Editorial: Women can do more to end conflict in NW/SW!.

Editorial Women can do more to end conflict in NW/SW!

For seven years, a bloody conflict has been raging in the North West and South West Regions, forcing displaced women to prostitution, rape and children giving birth to children.

What some of the women groups have done is dole out crumps to the internally displaced and organised "peacebuilding" talk shops that have not contributed to end the vicious fighting.



This week, Reach Out Cameroon organised a Women, Peace and Security, WPS Fair, at the National Museum in Yaounde.

It was attended by over 200 grassroots women peacebuilders, representatives of diplomatic missions, UN agencies, government stakeholders and civil society leaders.

The fair, according to the organisation, was to push for an improvement of women and girls’ representation in peace building processes, initiatives and decision-making structures.

The organisation also said it aims to chart pathways for improved social cohesion in conflict-affected communities and adopt the commitments made to foster peace and social cohesion at the national level.

The fair was to present the exploits of the project titled: “Peace Tables: Promoting Women, Peace and Security, through the Culture of Peace and Social Cohesion in Cameroon”, carried out by Reach Out Cameroon.

The Minister of Women’s Empowerment and the Family, Prof Marie Therese Abena Ondoa, hailed the significant contributions Reach Out Cameroon has made to peace across 40 crisis-affected communities in the North West, South West, Littoral and the West Regions.

He added that the event was “a testimony of our efforts to foster the culture of peace and social cohesion in our beloved nation, Cameroon”

In appreciating the Canadians for sponsoring the fair and the organisers, she said “it is good that we continue to impact the lives of vulnerable people in our communities at different levels and be able to stand behind Reach Out Cameroon, in fostering peace building in our society”.

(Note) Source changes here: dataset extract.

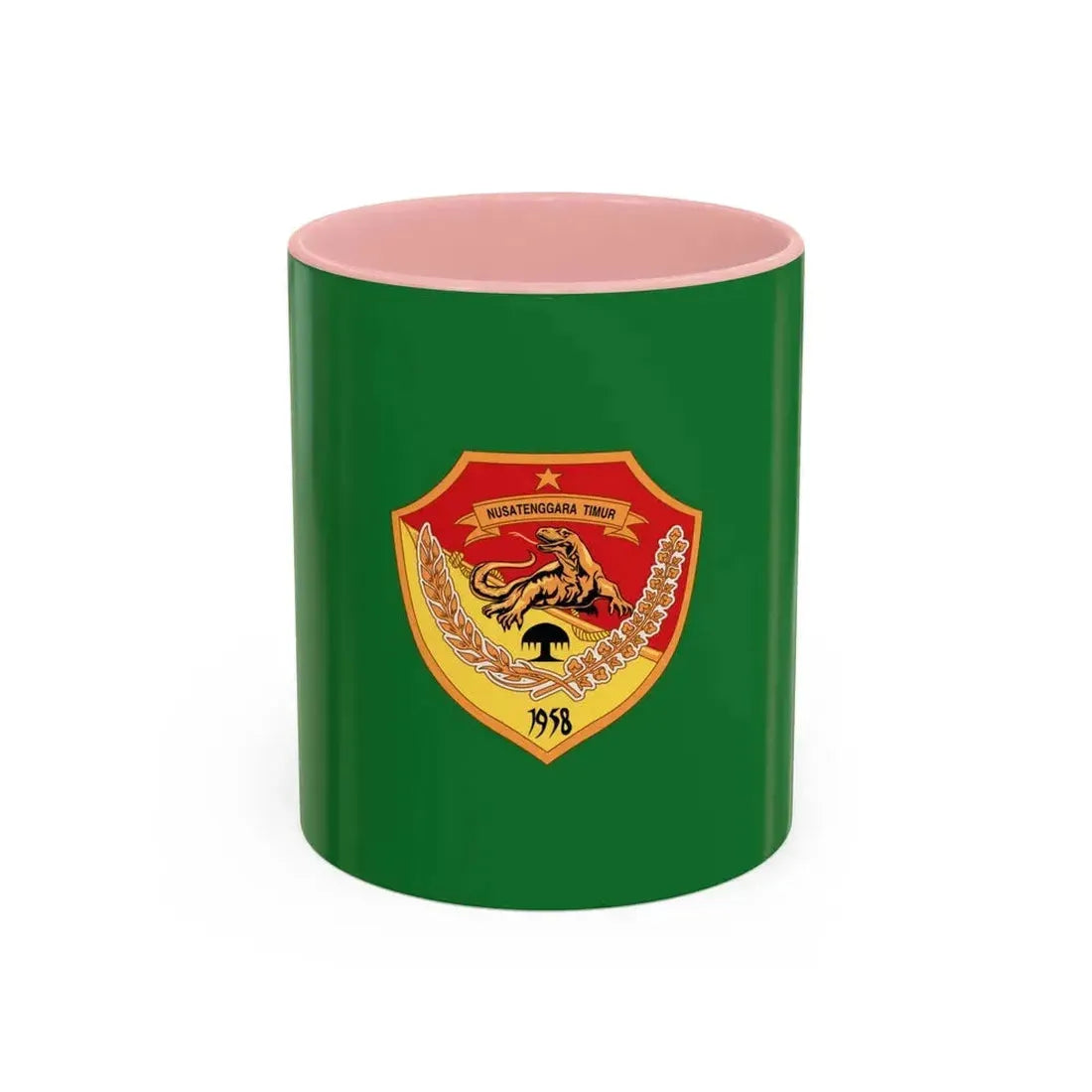 Flag of East Nusa Tenggara Indonesia - Accent Coffee Mug 11oz Pink - Go Mug Yourself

The Guardian Post congratulates Reach Out Cameroon for its initiative and thanks the Canadian High Commission in Yaounde, for picking up the bills of the event.

We acknowledge that since the start of the senseless conflict that has raged on for some seven years, several local initiatives have been held to bring peace.

They have all failed as insecurity still persists in the two English-speaking Regions. But have women, who constitute the majority of the Cameroon population, done enough to "build peace," which involves calling out and challenging such groups and actors to limit their capacity to foment violence or gain from it?

By international definition, "peace building is the process of working with two or more conflicting parties to resolve differences peacefully. Peacemakers help improve communication between the two combatants".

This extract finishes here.